→ **WHAT THE EXERCISE ASKS**:
In the material below, the line holding "レディース BUILDING BLOCK" and every line after it should be reproduced exactly, please, with pictures omitted.

ENTRIES SHOWN Block Start

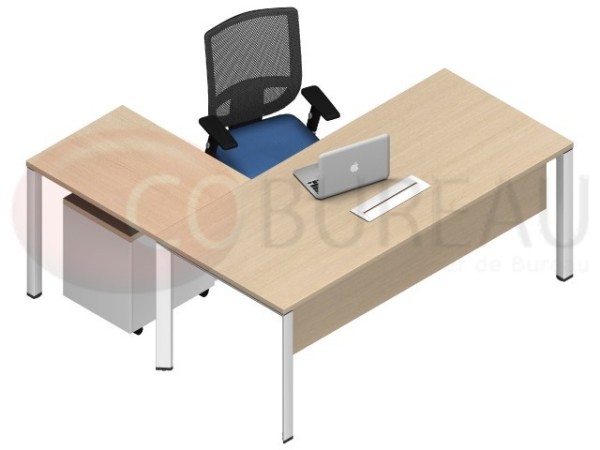 bureau direction 200 cm arche Arko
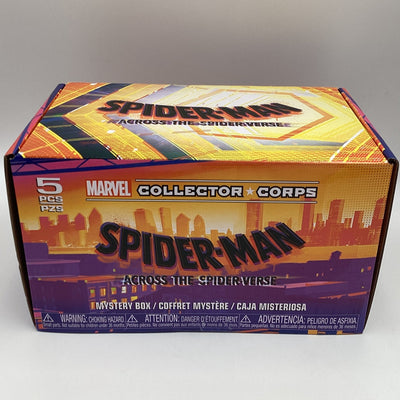 Funko Pop! Marvel - Spider-Man Across The Spiderverse - Marvel Collector Corps Box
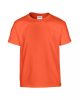 Gildan GIB5000 Heavy Cotton gyerek póló - Orange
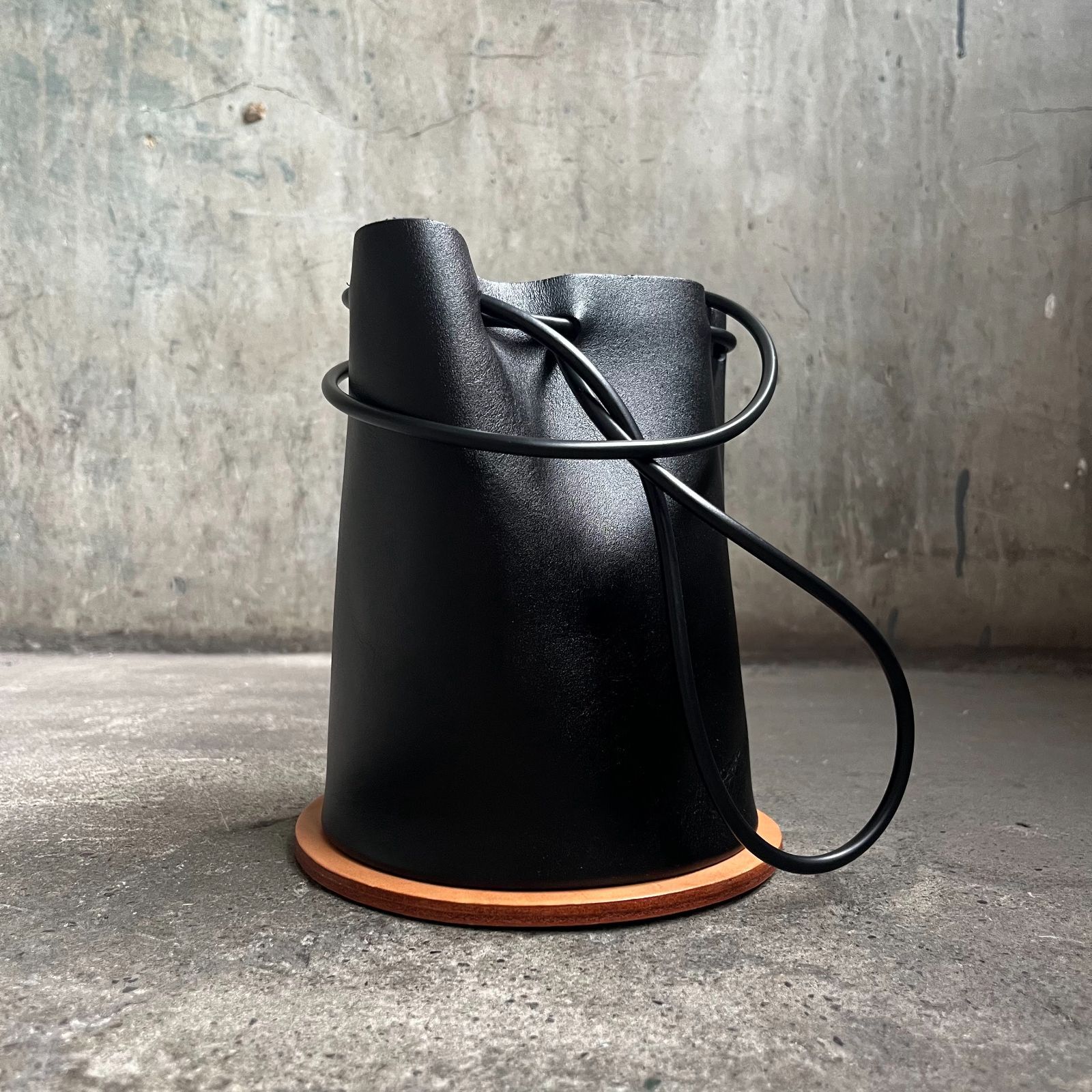 レディース BUILDING BLOCK DISC BAG BLACK ビルディングブロック 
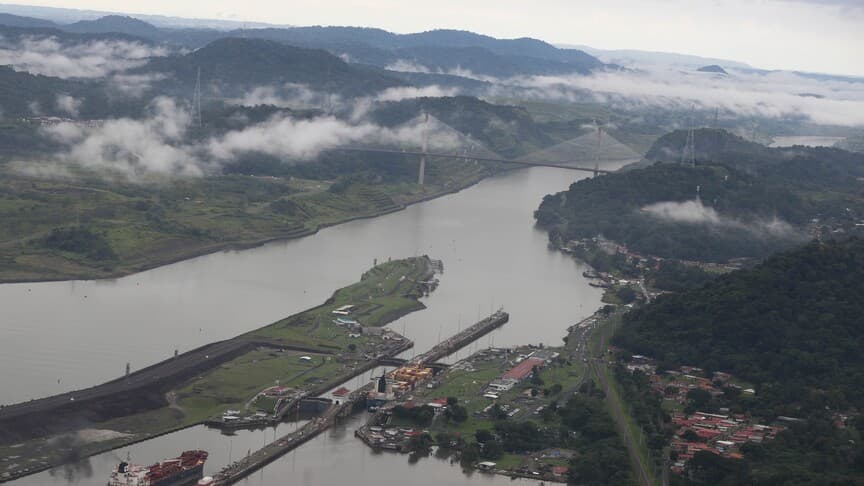 Panama Kanalı'nda günlük gemi geçişleri El Nino nedeniyle azaltılacak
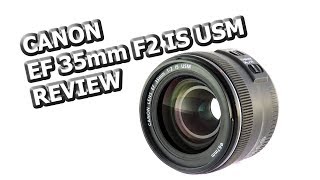 Canon EF 35mm f/2 IS USM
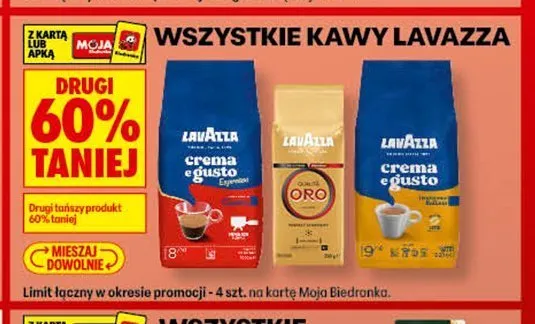 Kawy Lavazza promocja w Biedronka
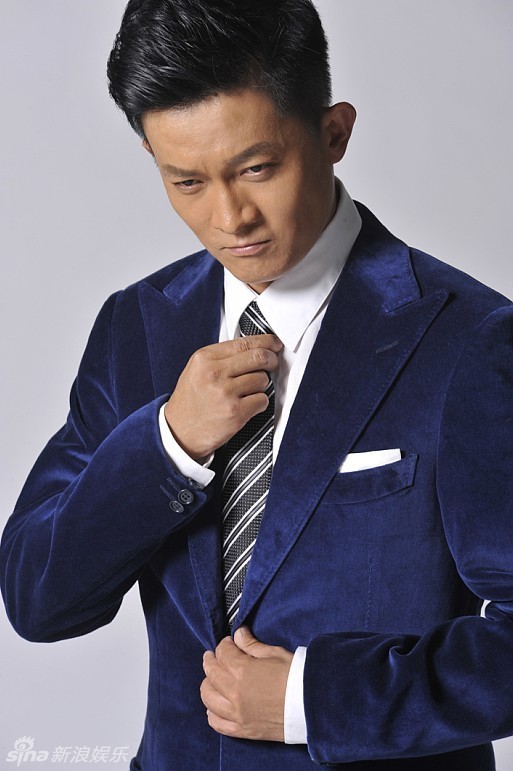 杨志刚全新时尚写真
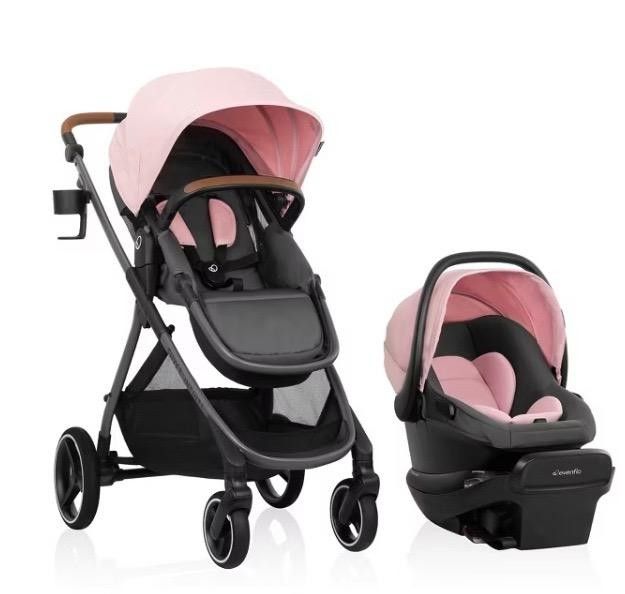 Evenflo Omni Car seat/ Stroller Combo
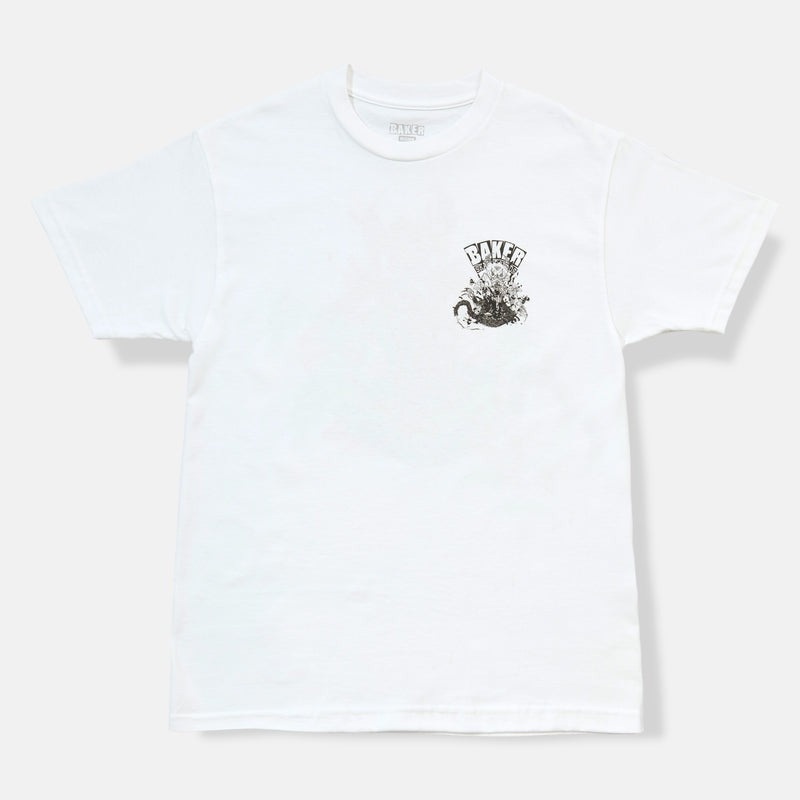 Baker Excalibur White Tee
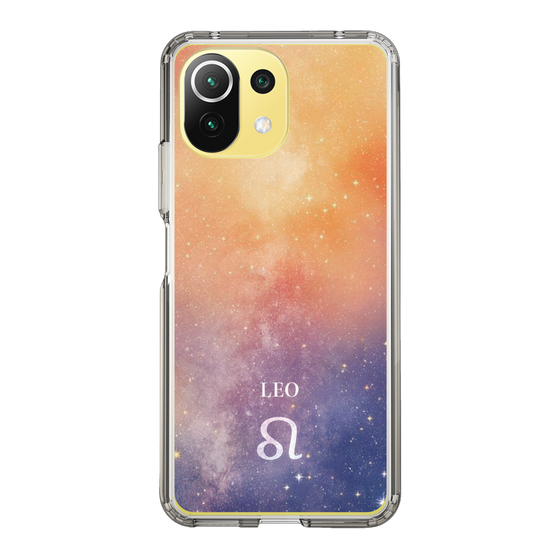 Slim Protection Case［ STARRY SIGNS - Original - Leo ］
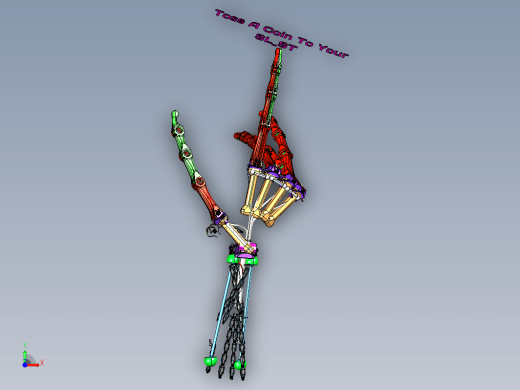 CLAW FOREARM手臂仿生结构缩略图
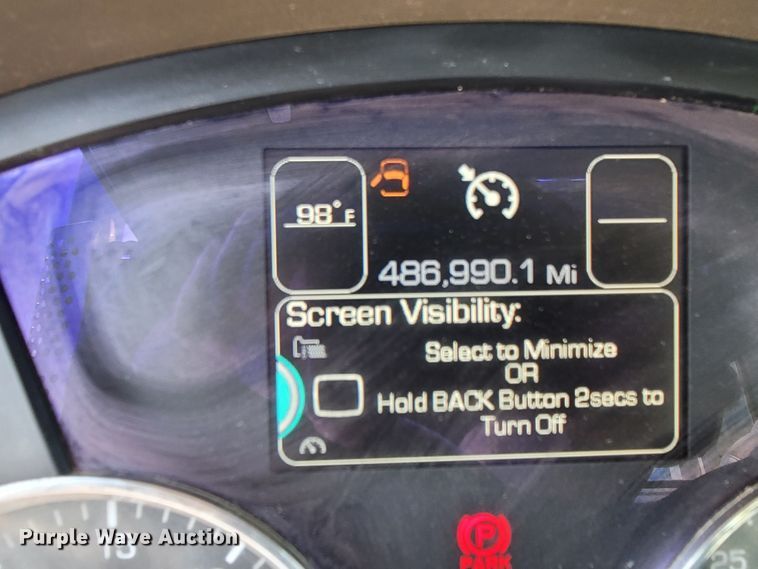 image for item DM4181 2015 Kenworth T880  semi truck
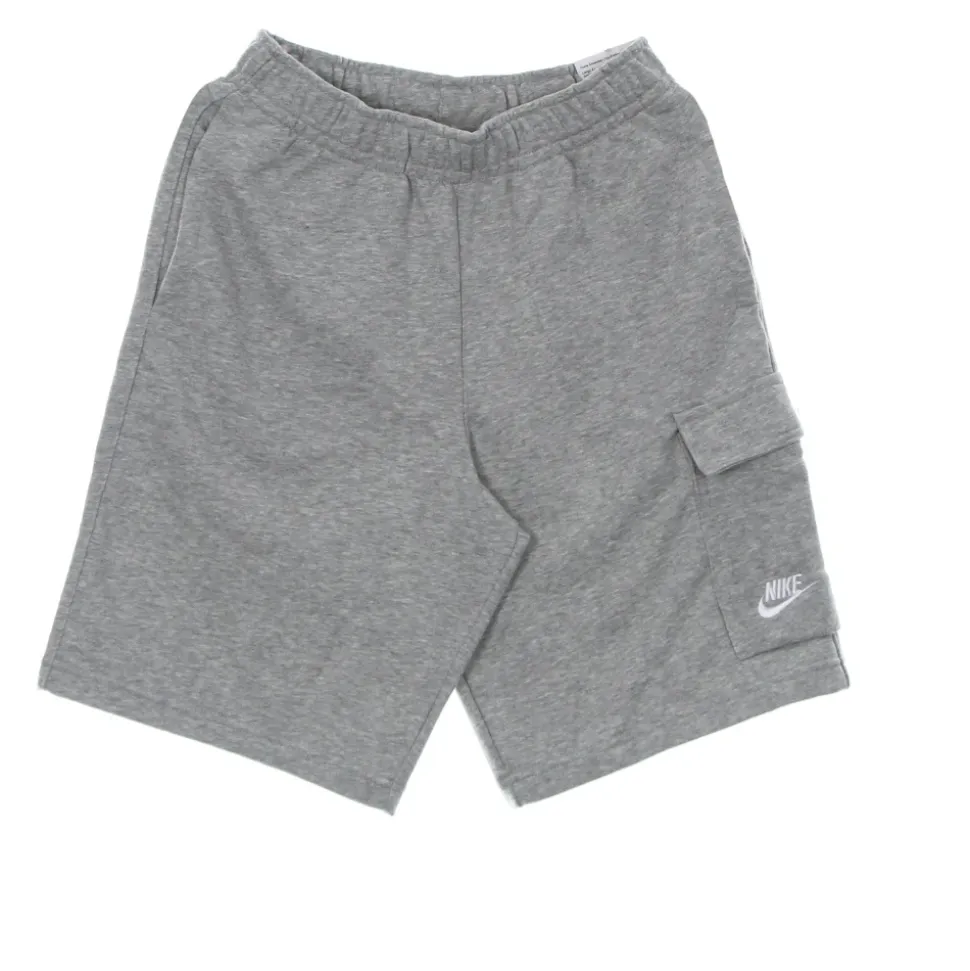 Shorts Cargo Club Gris Heather Argent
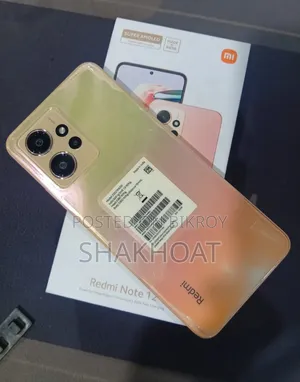 শাওমি রেডমি নোট ১২ ১২৮ জিবি রোজ গোল্ড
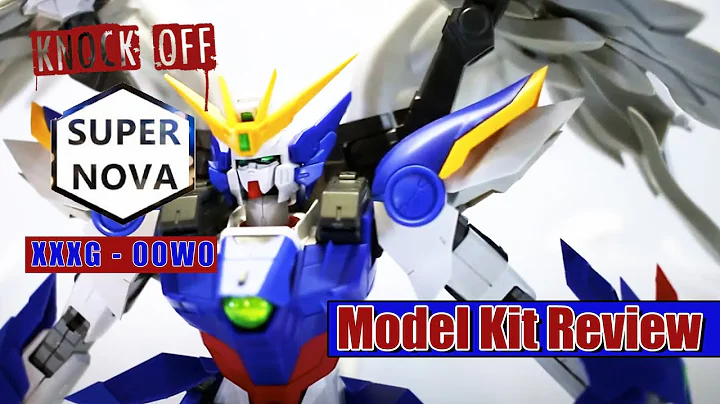 Model Kit Review: 1/100 MODEL HEART/SUPER NOVA XXXG-00W0 (Gundam Wing Zero Custom KO/Bootleg)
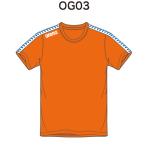  Arena custom заказ производство на заказ футболка ( унисекс ) команда одежда OSS4HTU010-OG03 беж скалярный : orange 
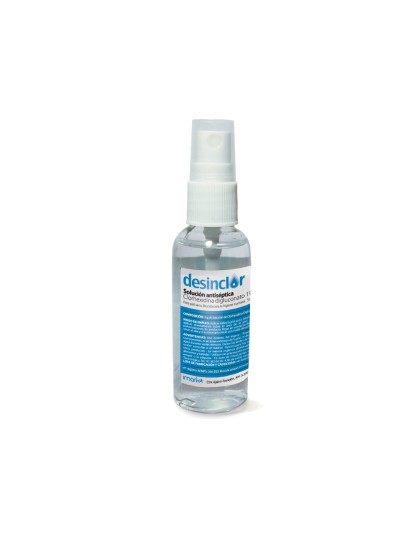 Solucion antiseptica clorhexidina desinclor bote pulverizador de 30 ml
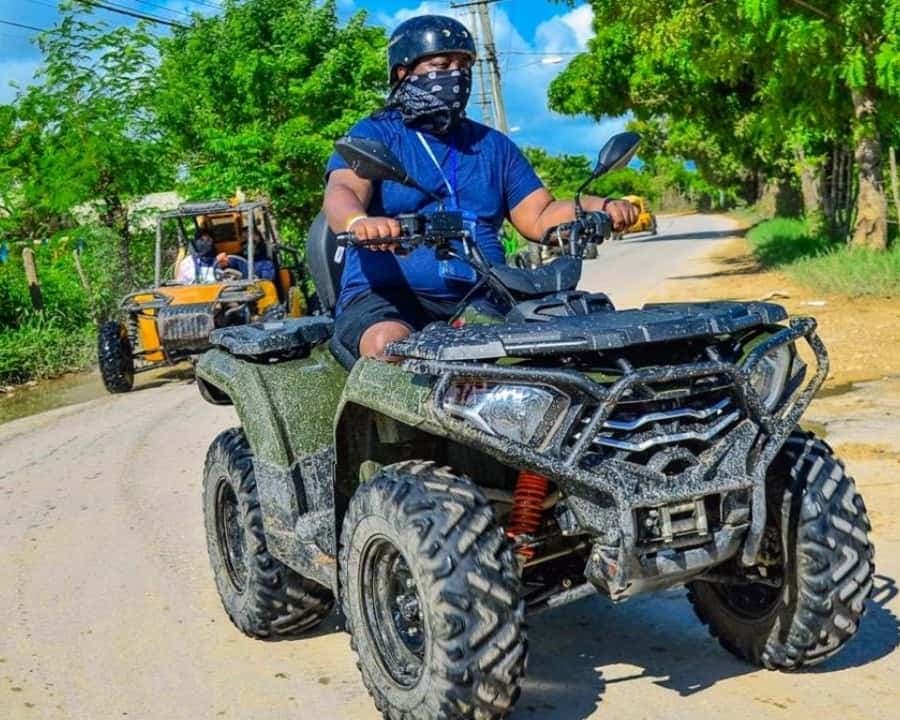 ATV Quad Adventure - Macao Beach & Contryside — Guided tour and outdoor activity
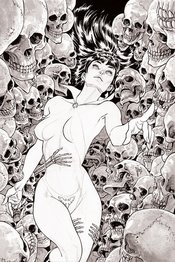 VAMPIRELLA #3 11 COPY MARCH B&W VIRGIN FOC INCV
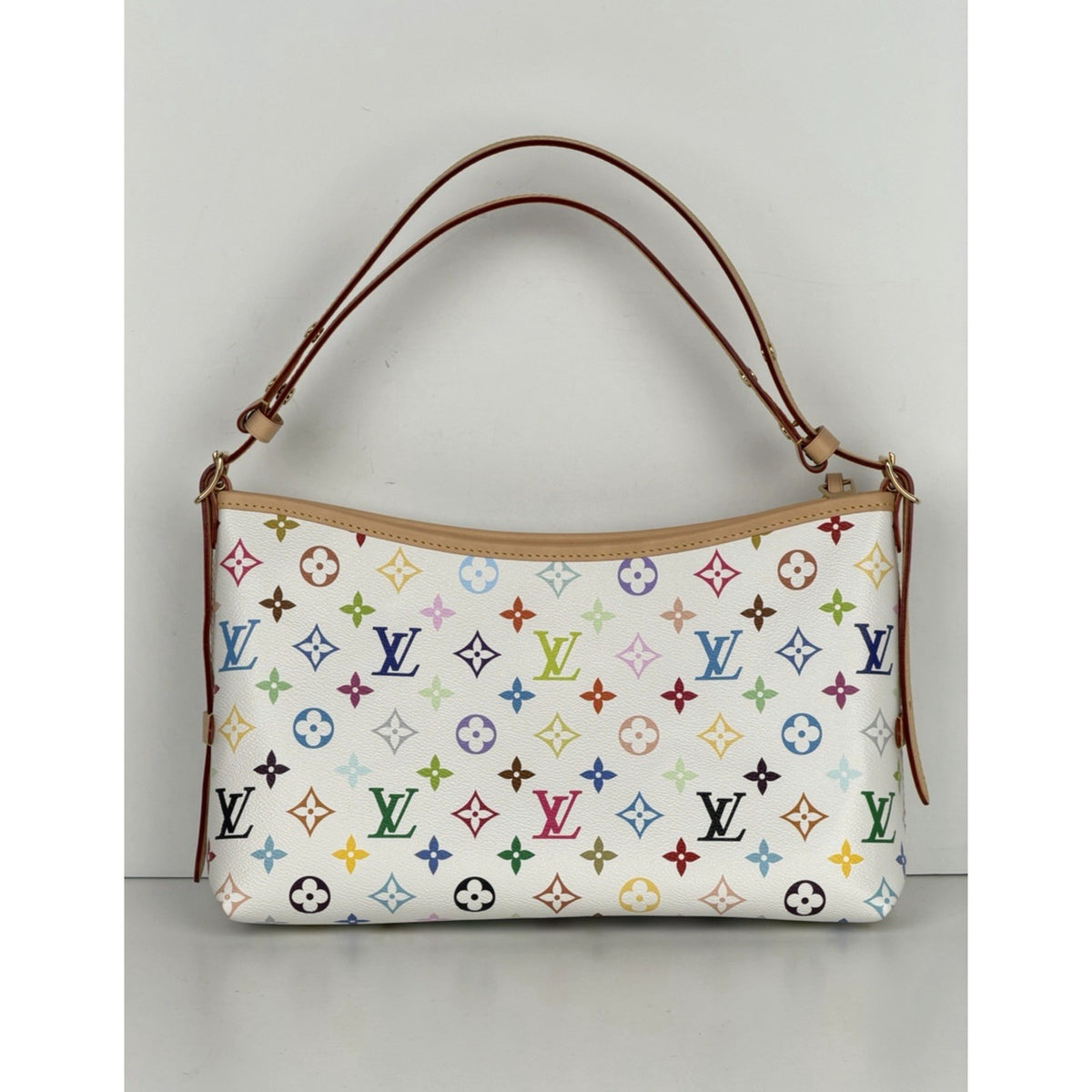 Louis Vuitton x Takashi Murakami CarryAll Bag East West in Multicolore NFC B-9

ENTRIES SHOWN Block End

→ **ANSWER TO THIS EXERCISE**:
 レディース BUILDING BLOCK DISC BAG BLACK ビルディングブロック 
 Panama Kanalı'nda günlük gemi geçişleri El Nino nedeniyle azaltılacak
 Canon EF 35mm f/2 IS USM
 Kawy Lavazza promocja w Biedronka
 杨志刚全新时尚写真
 Evenflo Omni Car seat/ Stroller Combo
 Baker Excalibur White Tee
 Slim Protection Case［ STARRY SIGNS - Original - Leo ］
 CLAW FOREARM手臂仿生结构缩略图
 image for item DM4181 2015 Kenworth T880  semi truck
 Shorts Cargo Club Gris Heather Argent
 শাওমি রেডমি নোট ১২ ১২৮ জিবি রোজ গোল্ড
 Model Kit Review: 1/100 MODEL HEART/SUPER NOVA XXXG-00W0 (Gundam Wing Zero Custom KO/Bootleg)
  Arena custom заказ производство на заказ футболка ( унисекс ) команда одежда OSS4HTU010-OG03 беж скалярный : orange 
 Solucion antiseptica clorhexidina desinclor bote pulverizador de 30 ml
 ATV Quad Adventure - Macao Beach & Contryside — Guided tour and outdoor activity
 VAMPIRELLA #3 11 COPY MARCH B&W VIRGIN FOC INCV
 Louis Vuitton x Takashi Murakami CarryAll Bag East West in Multicolore NFC B-9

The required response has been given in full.